• Information supplied:

● ● ●

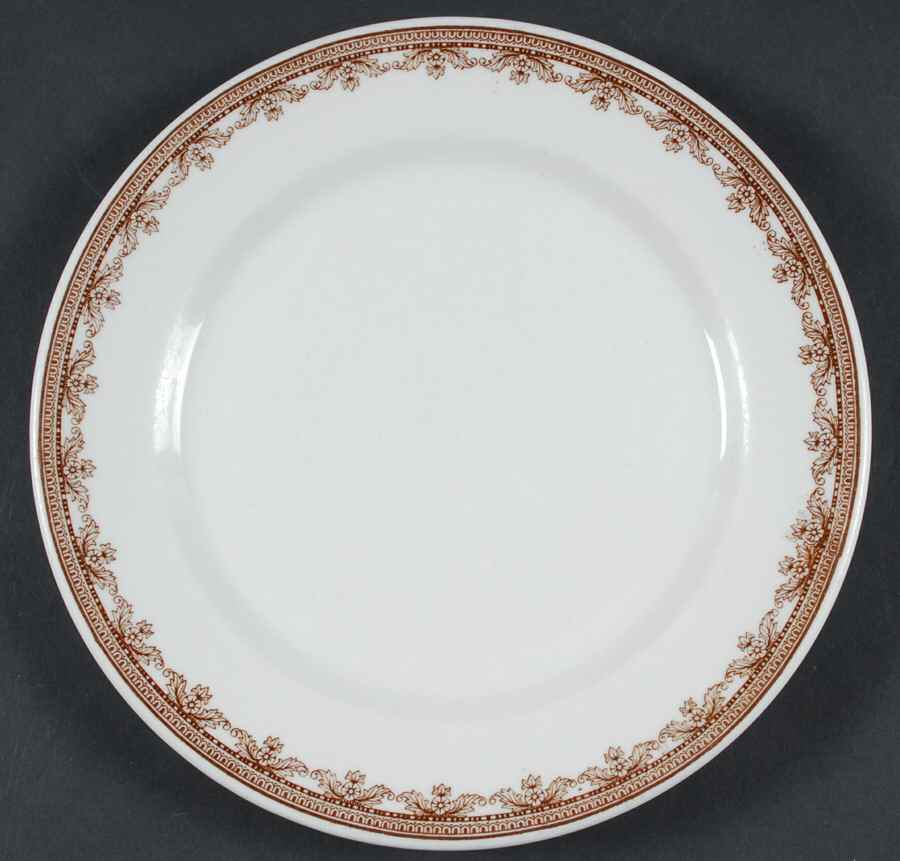 Arlene Dinner Plate by Sterling China (USA)-1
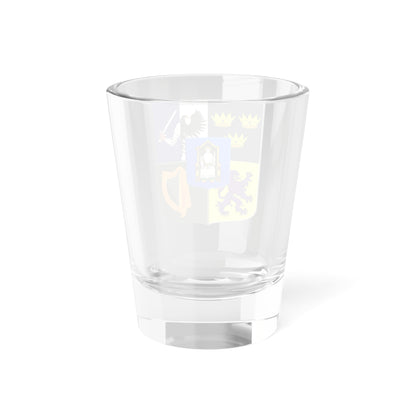 Provincial arms of Ireland, 1651 - Shot Glass 1.5oz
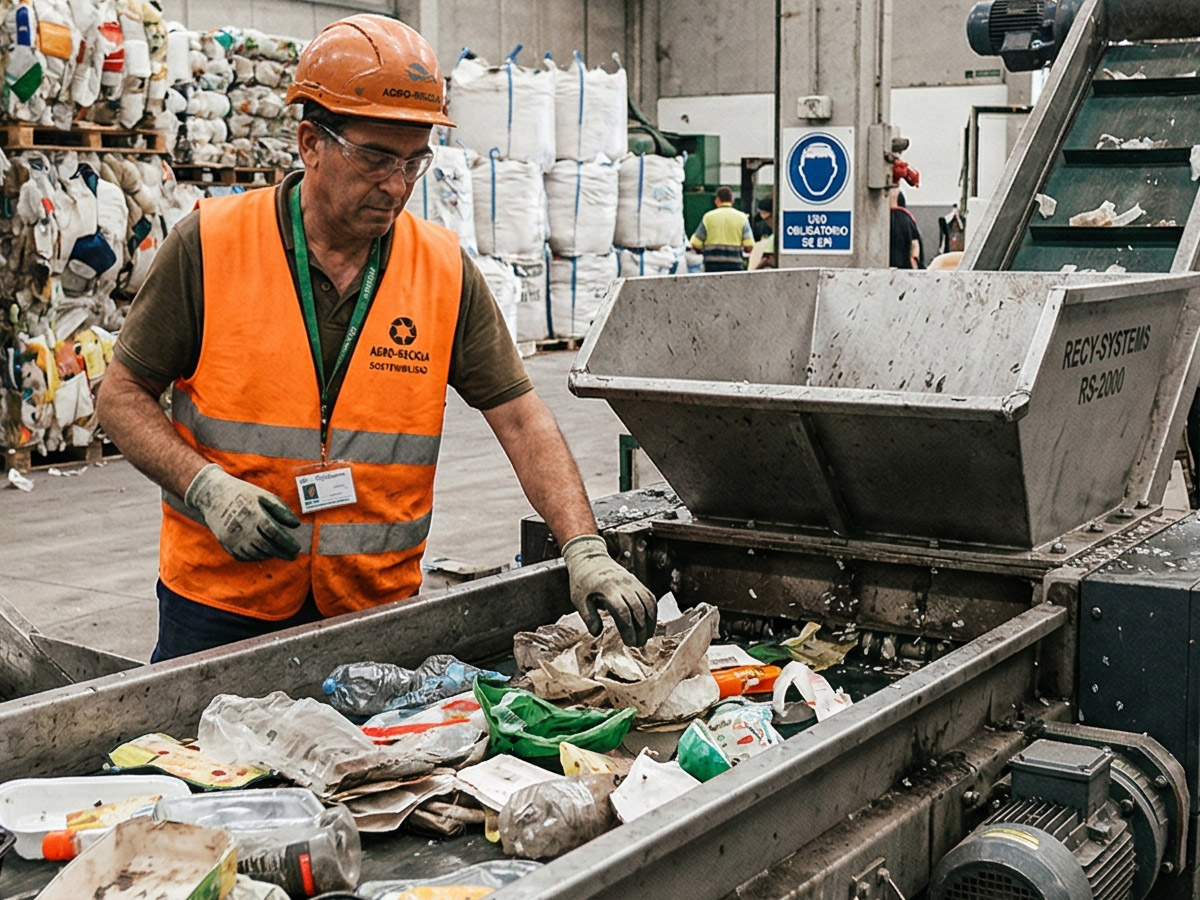 Reciclaje de plásticos en industria agroalimentaria: oportunidades localesReciclaje de plásticos en industria agroalimentaria: oportunidades locales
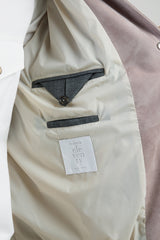 GIUBBINO SUEDE E NAPPA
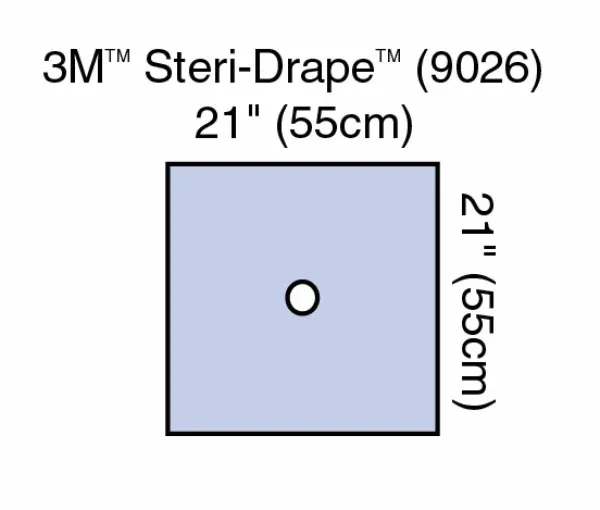 3M™ Lochtuch, 9026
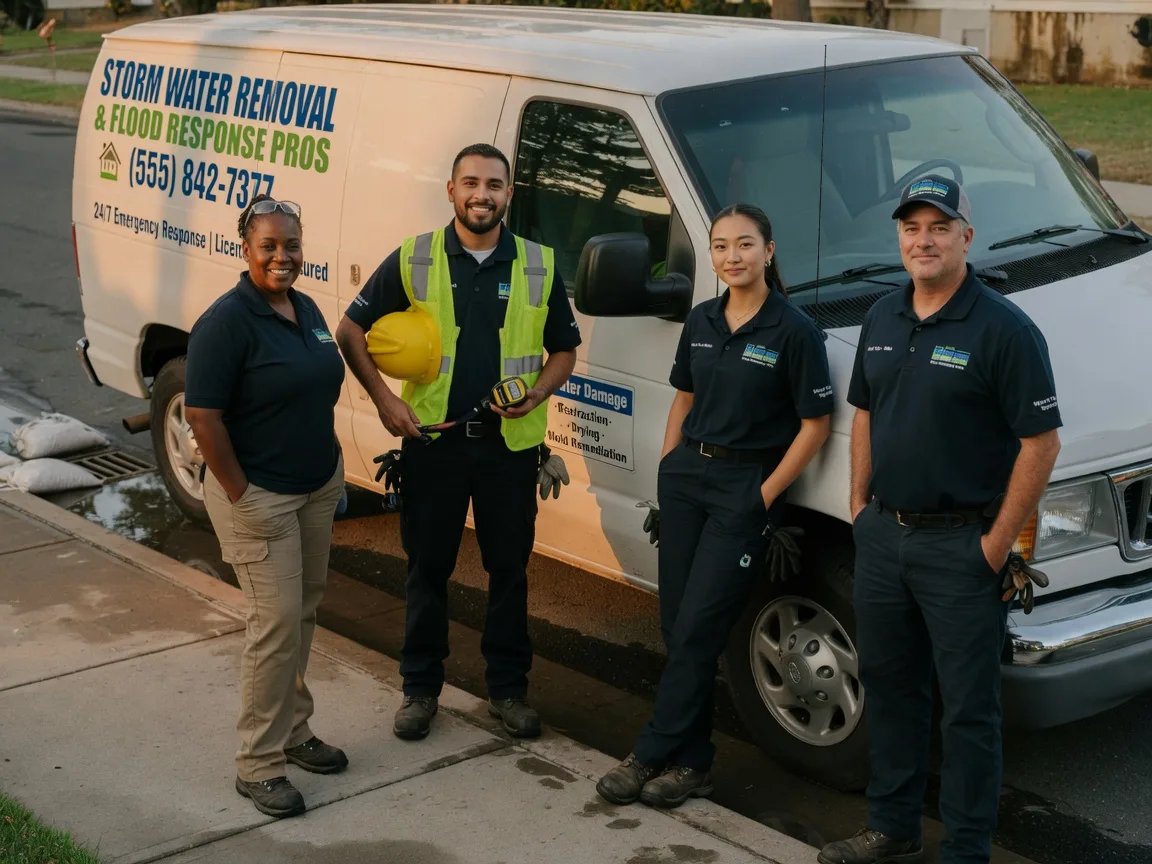Storm Damage Water Removal company in Mustang, OK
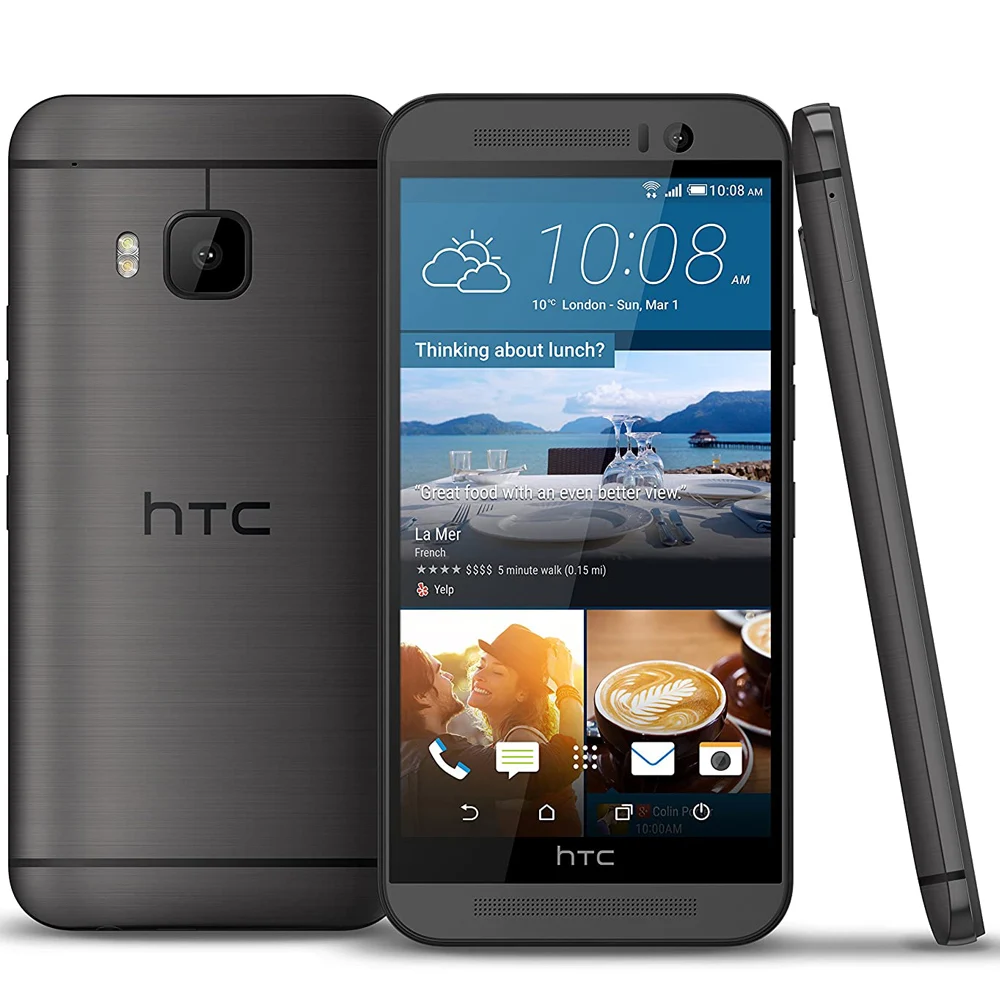 Мобильный телефон HTC M9 б/у оригинальный Восьмиядерный 4G LTE 3G ОЗУ + 32 ГБ HD смартфон 20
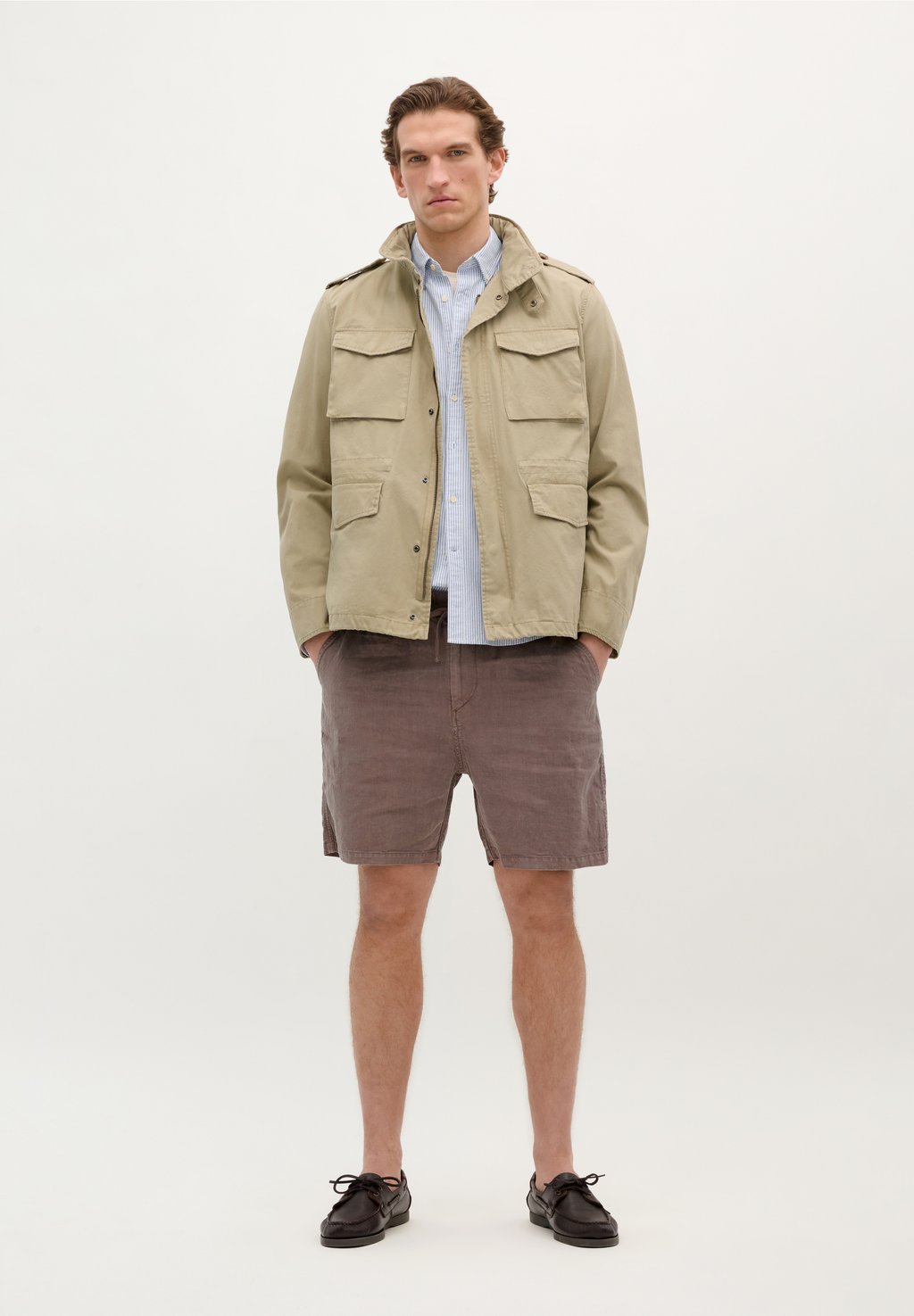 Летняя куртка FOREST MILITARY Scalpers, коричневый
Летняя куртка FOREST MILITARY Scalpers, коричневый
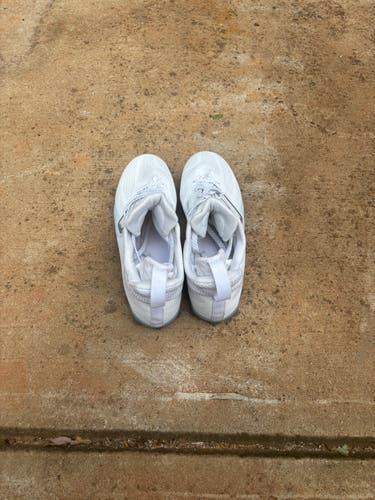White Men's Size M 11.5 (W 12.5) Adult New Balance Mid Top (New)
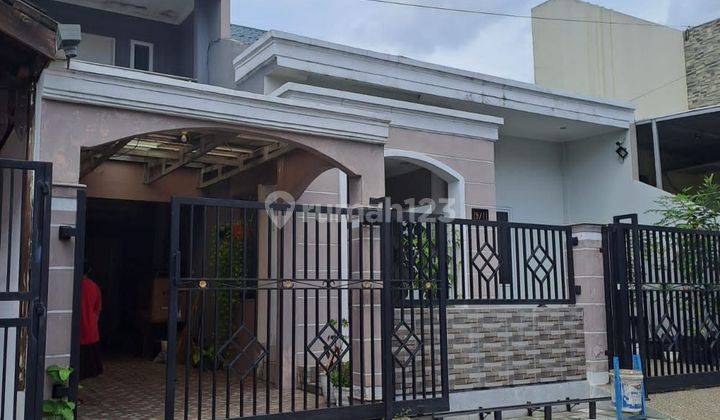 Turun Harga Jual Cepat rumah Villa Melati Mas 1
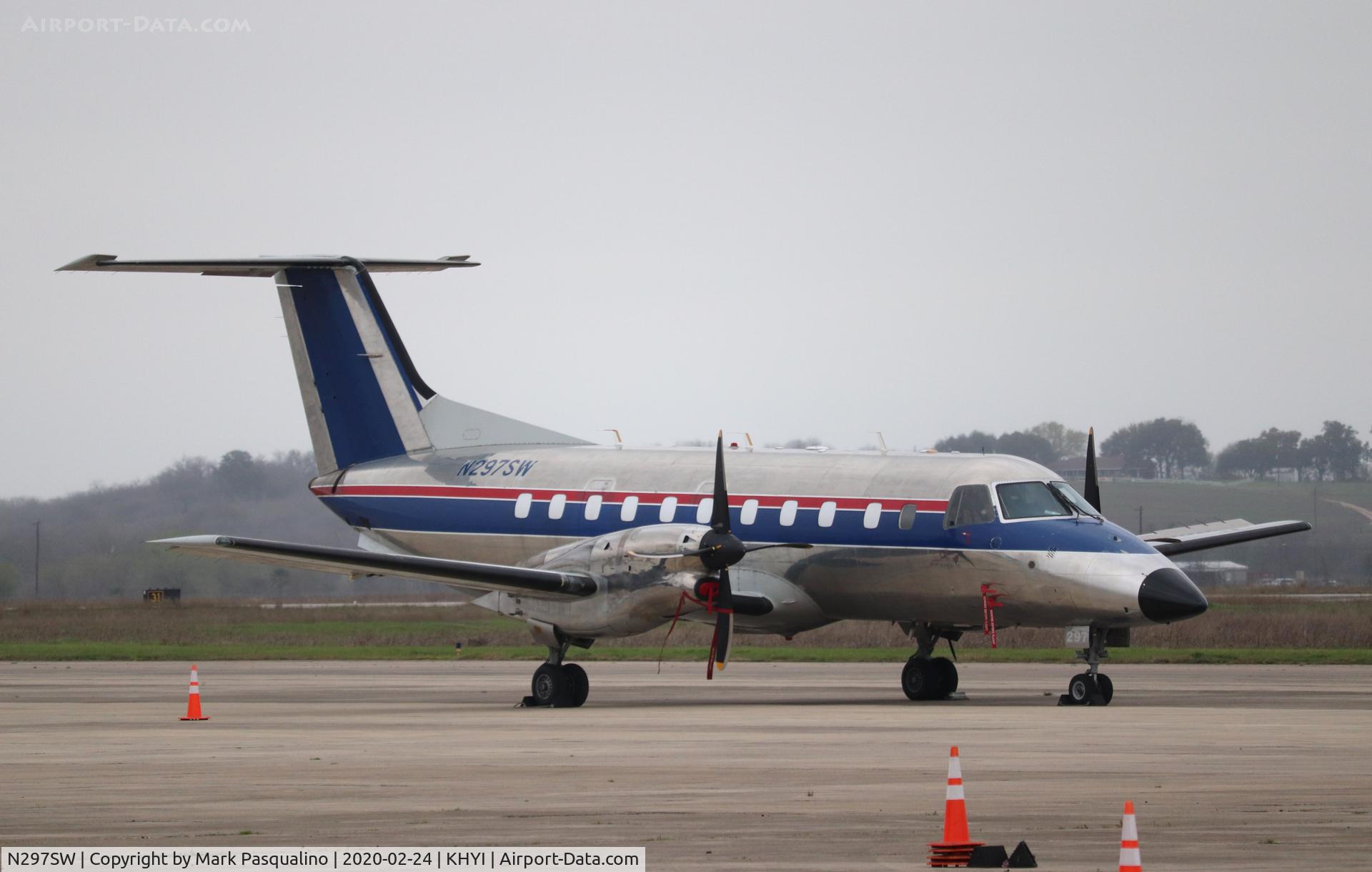 N297SW, 1996 Embraer EMB-120ER Brasilia C/N 120.327, EMB-120ER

● ● ●

• Aim of the exercise: You are asked to reproduce each line above exactly, but to exclude the pictures.

• Task solution:
 Arlene Dinner Plate by Sterling China (USA)-1
 Provincial arms of Ireland, 1651 - Shot Glass 1.5oz
 Reciclaje de plásticos en industria agroalimentaria: oportunidades localesReciclaje de plásticos en industria agroalimentaria: oportunidades locales
 GIUBBINO SUEDE E NAPPA
 3M™ Lochtuch, 9026
Storm Damage Water Removal company in Mustang, OK
 Мобильный телефон HTC M9 б/у оригинальный Восьмиядерный 4G LTE 3G ОЗУ + 32 ГБ HD смартфон 20
 Летняя куртка FOREST MILITARY Scalpers, коричневый
Летняя куртка FOREST MILITARY Scalpers, коричневый
White Men's Size M 11.5 (W 12.5) Adult New Balance Mid Top (New)
 Turun Harga Jual Cepat rumah Villa Melati Mas 1
 N297SW, 1996 Embraer EMB-120ER Brasilia C/N 120.327, EMB-120ER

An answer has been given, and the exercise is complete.